Le tribunal de grande instance de Paris a condamné lundi un blogueur strasbourgeois, qui avait propagé des rumeurs sur Martine Aubry, à lui payer un euro de dommages et intérêts pour atteinte à sa vie privée, mais n’a pas retenu le délit de diffamation.

Au mois de juillet, Francis Neri, retraité de 71 ans, avait posté sur son blog un texte intitulé « La Martine de Lille », attribué à un certain « Bertrand », qui imputait à l’ancienne candidate à la primaire socialiste d’être alcoolique, homosexuelle et proche des milieux islamistes.
Le couple Aubry-Brochen avait assigné le retraité strasbourgeois pour diffamation et atteinte à la vie privée, réclamant chacun 500 euros de dommages et intérêts et la suppression du texte litigieux. (…)
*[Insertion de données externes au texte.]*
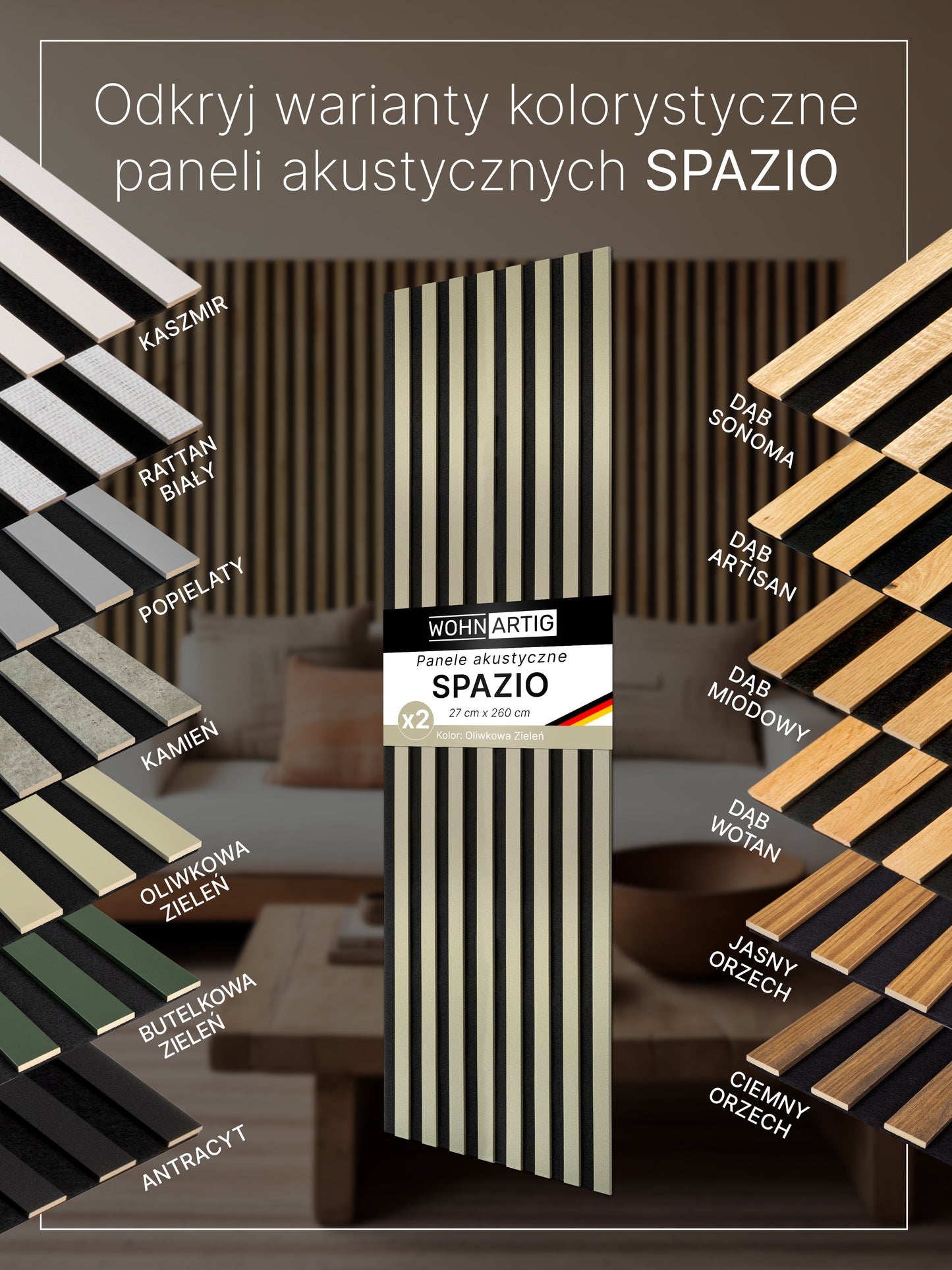 Dekoracyjny Panel Akustyczny SPAZIO 540 mm x 2600 mm (zestaw 2 szt. 270 x 2600 mm)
Par ailleurs, la poursuite d’atteinte à la vie privée concernait un passage évoquant les « préférences sexuelles » de Martine Aubry. « Cela ne nous regarde pas, sauf si elle décidait de faire passer une loi sur le mariage des homosexuels », était-il écrit dans le texte litigieux.
   Dans ce passage, l’auteur « insinue de façon claire » que Martine Aubry « serait homosexuelle », a constaté le tribunal.
   « L’orientation sexuelle relève par nature de l’intimité de la vie privée », rappelle le tribunal, qui constate par ailleurs que Mme Aubry « a publiquement évoqué ces rumeurs, mais pour en dénoncer le caractère mensonger ».
   « En conséquence, l’évocation par insinuation de l’homosexualité, réelle ou supposée, de Martine Aubry, porte atteinte à sa vie privée », a jugé le tribunal, qui a accordé sur ce point un euro de dommages et intérêt à la maire de Lille.
Le tribunal n’a pas fait droit à la mesure de publication judiciaire sollicitée par la plaignante mais, en revanche, a ordonné à M. Neri de supprimer de son blog le « passage jugé attentatoire à sa vie privée », sous astreinte de 100 euros par jour de retard « passé le délai de huit jours à compter de la signification » du jugement.

A l’audience, le 12 septembre, le blogueur avait plaidé « le droit au débat » et mis en avant le fait que ces rumeurs sur Mme Aubry et M. Brochen avaient déjà été publiées par d’autres médias.